With that, Anduin learned to sleep through the dragon’s boisterous laughter. He was nonplussed by the occasional argument between Wrathion and innkeeper, even when they roused him from bed several hours before his morning therapy was set to begin.

He also learned not to be alarmed by the pair of red eyes that flickered out by the hot springs in the darkest hours of night. 

Those late night baths were one of the dragon's habits Anduin came to mark as a constant, no matter how erratic and unpredictable the rest of his schedule might be. 

Every evening around the second bell, the door out back would squeal on its hinges, and a pair of bare feet would patter down the stone path leading out to the water. He always waited until Tong had extinguished the lanterns, and always stayed submerged up to his chin. His black curls billowed on the water’s surface at the edge of a crimson halo, the sole source of light, his enchanted eyes created. 

A few times he went so still Anduin feared he had fallen asleep, but then he would shift forms, crawl out of the water, and disappear into the folds of his discarded kimono. A few moments later he would rise, fully clothed, with his arms folded across his chest. 

One night, he swept back his curls, gathering them in his palm and tying them with a simple strip of cloth. His gaze drifted up to Anduin’s window and he froze with the ends of that cloth still clasped in his palms. His eyes narrowed.
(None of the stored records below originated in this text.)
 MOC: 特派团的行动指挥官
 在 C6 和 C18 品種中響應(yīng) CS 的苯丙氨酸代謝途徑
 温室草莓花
The human prince stumbled back towards his bed, landing with a thud and a squeak he _knew_ the rest of the inn had heard. 

Pulling the blankets up over his head, he flushed and cursed himself for being so nosy. His heart leapt to his throat, and he squeezed closed his eyes. The dragon would never let him hear the end of it. 
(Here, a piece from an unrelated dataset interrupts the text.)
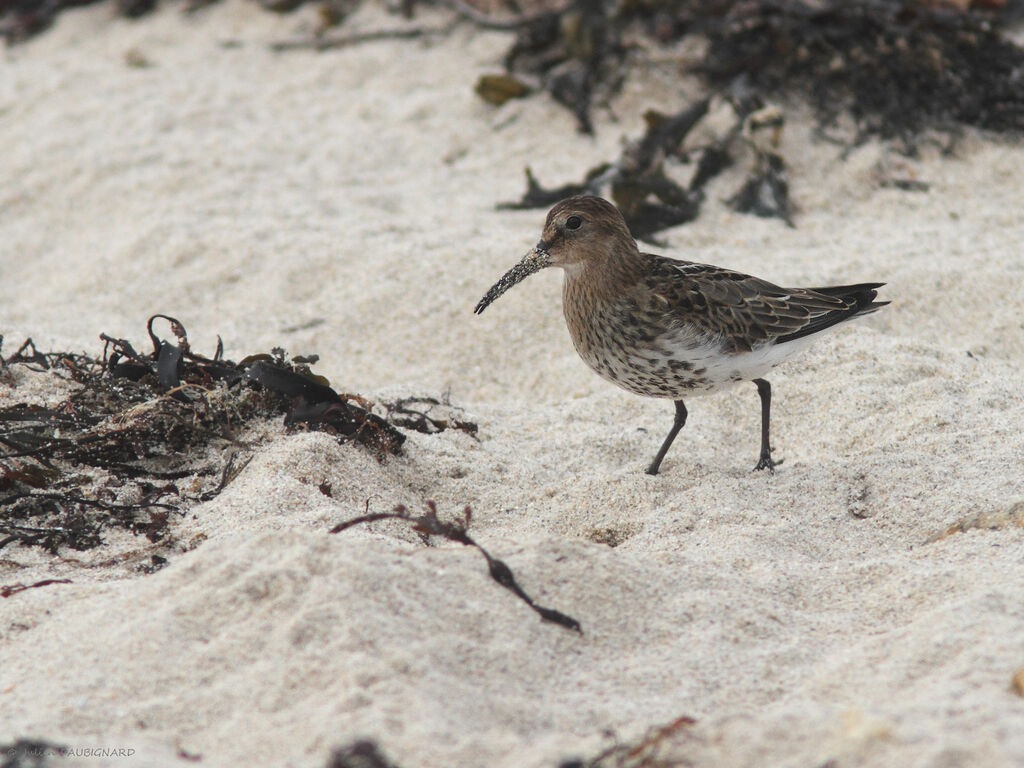 Bécasseau variable, identification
The next morning, he rose before therapy, tugging on his blue binder and a loose blue shirt before heading down under the guise of looking for tea. As soon as he reached the landing, his guards looked up, straightening their stances and brightening their smiles. 

“Off to the bath, your Highness?” Harris asked in a chipper voice. 

“Oh, I, ah—” Anduin shook his head. 

His other guard, Calvin, cut him off. “You’ll find it empty, your Highness. Perhaps now would be the best time.”

Anduin swallowed, leaning on his cane to relieve the ache building in his knee. “You’re right,” he conceded, hating how thoughts of the bath transported him to the night before. But with any luck, the Black Prince had already scurried off between the kegs to sleep, and he could get it over before champions of the Alliance and Horde started to arrive. 

Maybe Wrathion had the right idea, after all, bathing at night. Glancing between his soldiers, the prince offered, tentatively, “I left my towel and robe upstairs. Should I get it, or…?”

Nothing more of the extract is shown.